When I was asked if I would contribute to an issue on nursing leadership in home and community care, it took me only a minute to say yes. In 2014–2015, I chaired an expert group on home and community care in Ontario that produced a report titled "Bringing Care Home" (www.health.gov.on.ca/en/public/programs/ccac/docs/hcc_report.pdf). The report pointed to the urgent need for system-wide change in home and community care to ensure that we have a transparent, equitable, accessible and accountable system that serves clients and their caregivers.
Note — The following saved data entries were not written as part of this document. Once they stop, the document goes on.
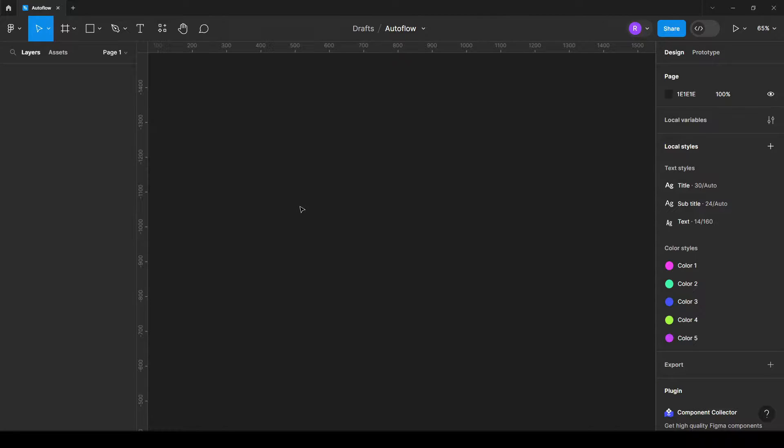Hello. If you're like me, when you need to create a map, you're going to Google and then just making a screenshot, then this video is for you.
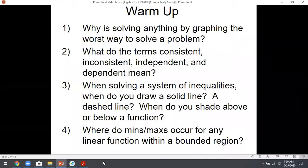Today we're going to continue our review — spread it out over today and tomorrow for the last little material, but today won't take very long. We're going to talk about systems of equations and systems of inequalities. I don't think it'll take very long because you guys are pretty good at that. Just a quick refresher, and then I'll let you work on your stuff.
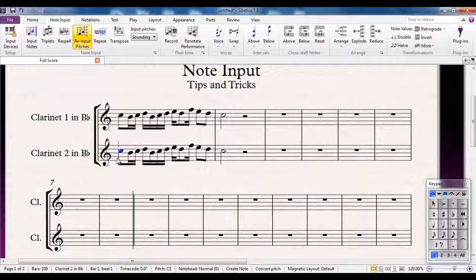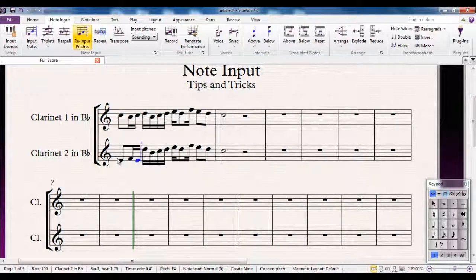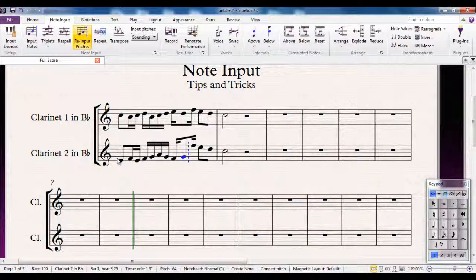So for example, I can tell it the first note is going to be an E, then an F — and notice that when I do the F, it's still a semiquaver, and the rhythms are not going to change. I just go along here changing the notes as I go, but not adjusting the rhythms, then press Escape to finish.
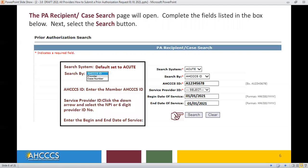In the Access ID Number field, enter the Access Member Medicaid Number. For the Service Provider ID field, click the drop-down and select the MPI or 6-digit number for your authorization request. Enter the Begin Date of Service and then the End Date of Service, and click the Search button.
The Minister of Health responded indicating he would implement our recommendations, and as a first step, announced the Patients' First Roadmap to Strengthen Home and Community Care (www.health.gov.on.ca/en/public/programs/ccac/roadmap.pdf), which included a 10-point plan to improve the care provided to clients and families receiving home care. Since the release of that report, I have been acting as an External Advisor to the Ontario Minister of Health and Long-Term Care to help advance the home and community care agenda.

Throughout this work, I have been increasingly concerned about the need for true reform in the way we deliver home and community care to citizens. I believe nurses could play a leadership role in this reform and have been frustrated at not seeing nurse leaders step up to the plate as much as I wish. This issue is a way to challenge all of us to use our understanding of the system, of our healthcare organizations and of the needs of our fellow citizens.

Why Leadership in Home and Community Care

Home and community care is not just a critical issue in Ontario. In the recent health accords with the provinces, the federal government has also targeted transfer payments to two critical issues – home and community care and mental health and addictions. I haven't heard anyone argue about the need for transformation in home and community care. In Ontario, and the picture is similar in other provinces, the numbers, complexities and demands for home care have been increasing dramatically. Caregivers (family, friends and neighbours) are bearing the heaviest burden of care – by most estimates about 70% of the care provided – and their needs also require urgent attention. And then there is integration; for all of our talk over the years about silos in healthcare, we haven't made much progress in eliminating them or at a minimum making transitions between them easier for families.

So, back to the reason I said yes to introducing this issue in Canadian Journal of Nursing Leadership (CJNL). In Ontario and across the country, we have seen examples of innovative, efficient and effective models of home care delivery. And most provinces are committed to making service delivery better, more transparent and easier to access and understand for families. But, although we have some terrific leadership in home and community care across the country, I have not heard the loud and sustained voice of nurse leaders in the discussion about transformation. Of course, there have been strong voices from individuals and from associations, but generally speaking, there is not enough consistency and strength to the arguments and they are not loud enough or broad enough.

As You Read This …

You may like to challenge this assertion, and I hope you will challenge the contributors' and my views; however, from where I sit, there is a tremendous opportunity for a partnership between nurses, clients and caregivers as we try to move patient-centred care forward in this country. In thinking about the need for this issue, I have wondered why has CJNL had to invite nurses to contribute rather than respond to an onslaught of articles and commentaries from nurses who want to see the issue receive attention in the journal? Where are the op-ed pieces in the newspapers? Why has no nurse written an article, a letter, a commentary for Canadian news magazines (Walrus, Macleans)? Where are the nursing scholars' voices in public policy journals?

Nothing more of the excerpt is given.